The New York Times also said American intelligence agencies had spotted what appeared to be an undeclared nuclear site not too far from the town of al-Uyaynah, located 30 kilometers northwest of Riyadh, and its Solar Village.
The agencies, the report said, are scrutinizing attempts by the kingdom to build up ability to produce nuclear fuel that could potentially lead to the development of nuclear weapons.
Unlike Saudi Arabia, Iran showed the peaceful nature of its nuclear program to the world by signing the Joint Comprehensive Plan of Action (JCPOA) with six world states — namely the United States, Germany, France, Britain, Russia and China — in 2015. The nuclear deal was also ratified in the form of a UN Security Council Resolution 2231.

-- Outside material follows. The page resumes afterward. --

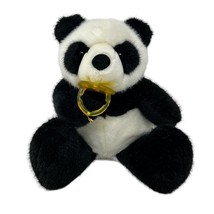 Vintage Plush Creations Inc Panda Plush With Pacifier Stuffed Animal Toy - £21.18 GBP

The US, however, unilaterally pulled out of the deal and re-imposed unilateral sanctions against Tehran in a move supported by the regimes in Saudi Arabia and Israel.
Tehran remained fully compliant with the JCPOA for an entire year as confirmed by the IAEA, waiting for the co-signatories to fulfill their end of the bargain, but as the European parties failed to do so, it moved in May 2019 to suspend parts of its commitments with the Agency’s supervision under Articles 26 and 36 of the deal covering Tehran’s legal rights.
Iran says its retaliatory measures are reversible as soon as the other sides fulfill their contractual obligations.